Proposed doc-patch: Identifying the Current WAL file
Reading Tom's posting here:
http://archives.postgresql.org/pgsql-general/2006-04/msg00499.php
I just realised we don't seem to mention this in the docs anywhere. I
propose adding a short paragraph to 23.3.1
http://www.postgresql.org/docs/8.1/static/backup-online.html#BACKUP-ONLINE-CAVEATS
After "Except in the case of retrying a failure, it will be called only
once for any given file name."
To identify the current, partially-filled WAL segment, sort first by
mtime and second by file name. That is, take the latest mtime among the
properly-named files, breaking ties by taking the higher filename.
--
Richard Huxton
Archonet Ltd
Richard Huxton wrote:
Reading Tom's posting here:
http://archives.postgresql.org/pgsql-general/2006-04/msg00499.phpI just realised we don't seem to mention this in the docs anywhere. I
propose adding a short paragraph to 23.3.1
http://www.postgresql.org/docs/8.1/static/backup-online.html#BACKUP-ONLINE-CAVEATSAfter "Except in the case of retrying a failure, it will be called only
once for any given file name."To identify the current, partially-filled WAL segment, sort first by
mtime and second by file name.

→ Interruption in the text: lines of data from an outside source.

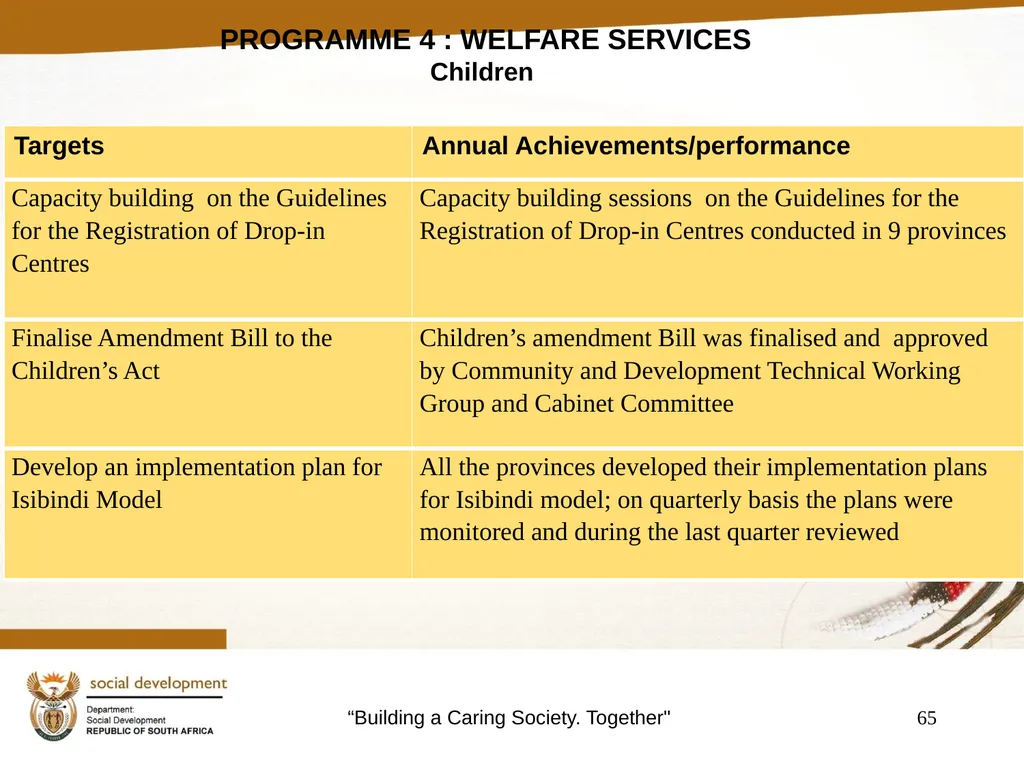 "Building a Caring Society. Together" 1 DSD Annual - slide 65 of 108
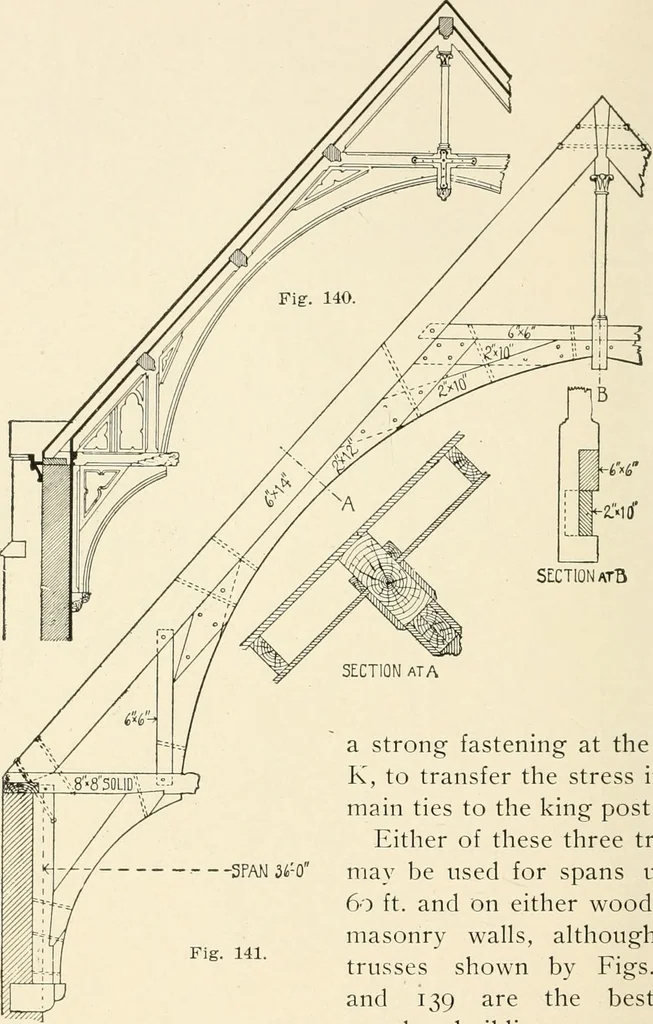 An illustration from Building construction and superintendence, by F.E. Kidder ..., 1896, leaf 117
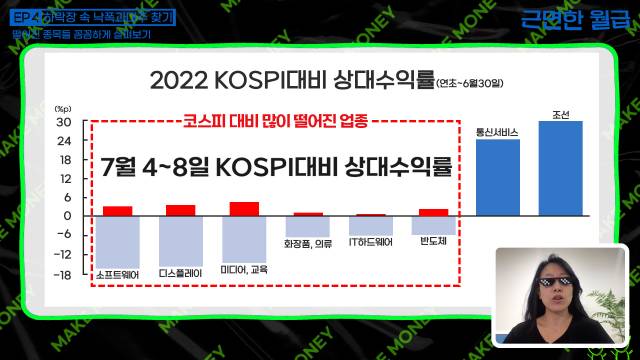 그래프 출처: 대신증권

That is, take the latest mtime among the
properly-named files, breaking ties by taking the higher filename.
I am confused by this. Why do both mtime and file name need to be
checked?
--
Bruce Momjian http://candle.pha.pa.us
EnterpriseDB http://www.enterprisedb.com
+ If your life is a hard drive, Christ can be your backup. +
Bruce Momjian <pgman@candle.pha.pa.us> writes:
Richard Huxton wrote:
To identify the current, partially-filled WAL segment, sort first by
mtime and second by file name. That is, take the latest mtime among the
properly-named files, breaking ties by taking the higher filename.
I am confused by this. Why do both mtime and file name need to be
checked?
Because recycled WAL segments are renamed to have higher file names than
the currently-in-use segment. So you can't depend on file name first.
However, shortly after a segment switch two WAL segments could have the
same mtime (to within whatever the mtime granularity is, typ. 1 second).
The proposed rule should be OK as long as checkpoints (and ensuing
renames) can't occur oftener than the mtime granularity. If you're
checkpointing more than once a second, well, you need help ...
regards, tom lane
Tom Lane wrote:
Bruce Momjian <pgman@candle.pha.pa.us> writes:
Richard Huxton wrote:
To identify the current, partially-filled WAL segment, sort first by
mtime and second by file name. That is, take the latest mtime among the
properly-named files, breaking ties by taking the higher filename.I am confused by this. Why do both mtime and file name need to be
checked?Because recycled WAL segments are renamed to have higher file names than
the currently-in-use segment. So you can't depend on file name first.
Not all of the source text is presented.